Au sujet des Vautours Fauves, depuis quelques mois, c'est la surenchère au  délire. Parmi les concurrents : quelques mauvais esprits chez les éleveurs, une certaine presse locale qui se trouve être en prise directe avec certains hommes politiques. Allez, n'ayons pas peur d'appeler un Sarkoziste Lucbéreilh  et une Castafiore Jean Lassalle. Me souvenant de ma récente candidature  aux législatives, je me rappelle également leur utilisation honteusement basse et populiste de ce dossier pendant la campagne électorale. Un grand merci au candidat socialiste de n'être pas entré dans cette course à la démagogie, ni au premier ni au deuxième tour de cette mémorable triangulaire.
Le grand délire sur ce type de sujet, ce n'est pas très difficile à faire naître, c'est encore moins difficile à entretenir, surtout pour un ou des notables de province. Il n'y faut que quelques ingrédients dont les plus importants, ceux autour desquels la recette prend forme sont :
l'exploitation d'angoisses ancestrales et irrationnelles autour du thème de la nature qui échappe au contrôle de l'être humain
une méconnaissance crasse et grandissante de tout ce qui touche justement à cette nature dans notre société, qu'elle soit rurale ou citadine. Franchement, dans ce domaine, y-a-t-il  vraiment tant de différences de nos jours entre la ville et la campagne? J'adore les gosses, les minos, les enfants, les gamins, les drôles, les lardons, même les lardonpèmes, les enfants quoi! Mais je vis à la campagne et tous les petits garçons que je connais savent distinguer la marque d'un tracteur au bruit de son moteur mais pensent que la souris est la "dame" du rat et la grenouille, celle du crapaud. Quant aux filles, à part les chanteuses péroxydées et formatées, la der des der de la Starac et les  rebondissements de "Plus belle la vie"--- Ni les garçons ni les filles ne font la différence entre un pommier et un chêne, sauf au moment exact où les pommes sont prêtes à cueillir.
Allez, je sais, c'est cruel, mais ce n'est que l'expression de la vérité. Non?
D'autant que les parents de cette génération là, eux non plus, ne font pas souvent la différence entre un Vautour et un Hibou. J'exagère? Allez, vous savez bien que non! On est très loin de "La guerre des boutons" et des romans de Maurice Genevoix! Que pèsent les cabanes dans les arbres face à l'étrange lucarne, aux jeux vidéos et à la surprotection parentale envers un environnement naturel considéré comme purement et définitivement  hostile?

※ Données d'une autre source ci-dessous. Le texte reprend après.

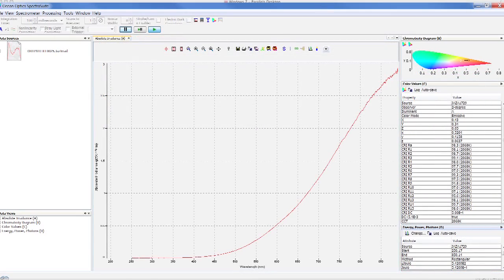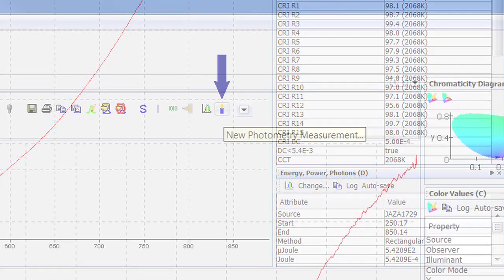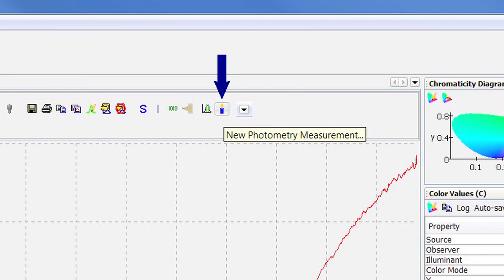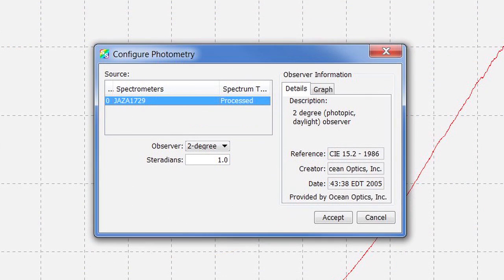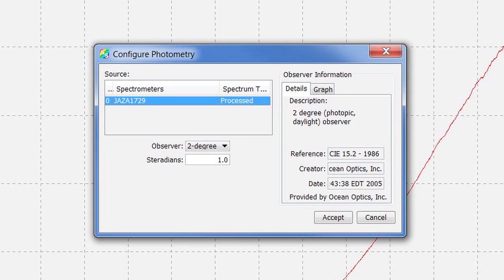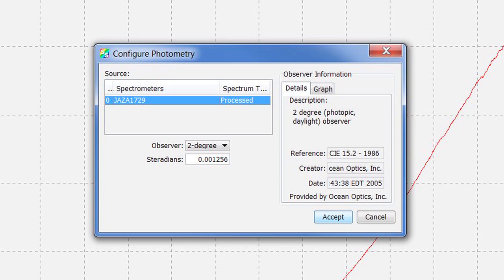Now we will demonstrate how to do a photometric analysis. Click on the candle button on the graph toolbar. A box will open titled Configure Photometry. In this box, you will need to select from 2 or 10 degree observer, and you will need to input the steradians. We'll use the 2 degree observer and input 0.001256 steradians based on the measurements that we previously took.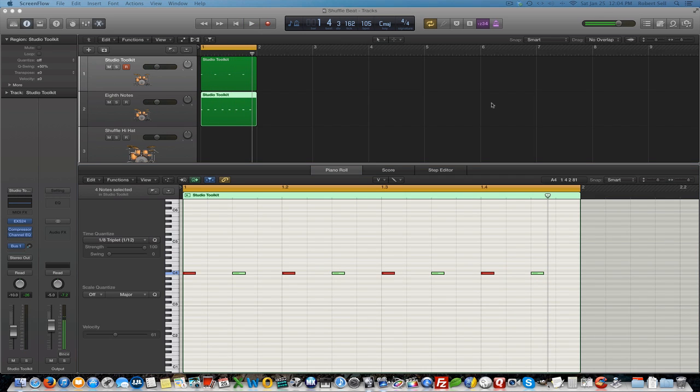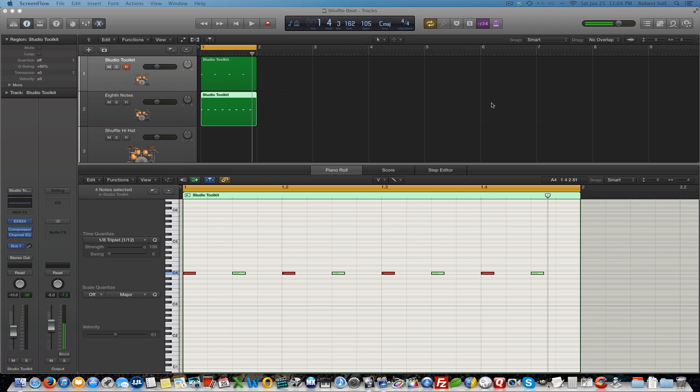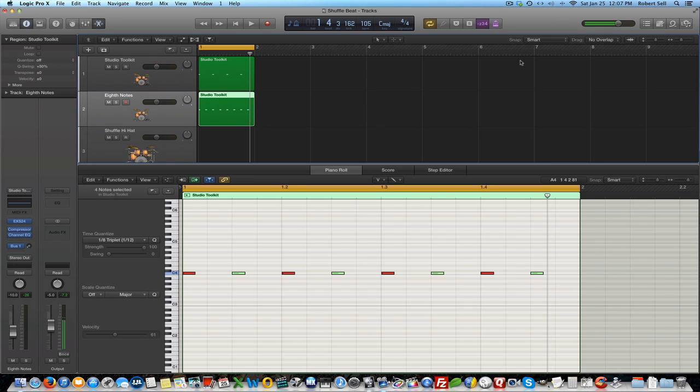In the interest of time I'm not going to create another region with 16th notes, but yeah, you guessed it—compared to the eighth notes, there's twice as many 16th notes. Four per beat and 16 per measure, therefore the 16th note. Now for the fun part, the shuffle beat.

Alors, pour tenter de mettre un peu de sagesse et de vérité dans ce dossier trafiqué, je vous livre ci-dessous la contribution d'une amie, Martine Razin.
Ce document est déjà paru sur  indispensable et même  vital  blog  "La Buvette des Alpages" : http://www.loup-ours-berger.org/,

5-Laurence-et-vautour.jpg
Sur la photo, dans les bras de Laurence Goyeneche, permanente du Centre de Sauvegarde "Hegalaldia", ce "dindon" là ( non, ce n'est pas une guitare!) est allé, avec treize de ses congénères et quatorze autres du Centre "Ilundain" d'Iruña (Pampelune), renforcer la population des Vautours Fauves Italiens. Et oui, nous avons notre AOC Vautour Fauve Pays Basque!  Je comptais tenter de vous faire croire qu'au Centre Hegalaldia, on aime tellement les Vautours qu'on les berce pour les endormir, mais vous n'auriez pas marché. Hein? N'empêche que moi, le soir, il m'arrive encore d'avoir un pincement au coeur lorsque, depuis ma porte, je ne les entends plus se chamailler à qui aura la meilleure place sur le perchoir. Nostalgie, quand tu nous tiens---

Ahetze, le 4 juillet 2007
Lettre de Martine Razin (Coordination scientifique Gypaète barbu, vautour fauve et Milan royal, Ligue pour la Protection des Iiseaux  Mission Rapaces / Pyrénées au Dr Joncour, président de la section Faune sauvage de la Commission Environnement de la "Société Nationale des Groupements Techniques Vétérinaires" (SNGTV)

Je me permets de vous contacter au titre de coordinatrice scientifique "Vautour fauve" dans les Pyrénées pour le compte de la Ligue pour la Protection des Oiseaux (Birdlife International), afin de vous apporter quelques éléments d'information concernant la situation actuelle du Vautour fauve (Gyps fulvus) dans les Pyrénées. A votre demande.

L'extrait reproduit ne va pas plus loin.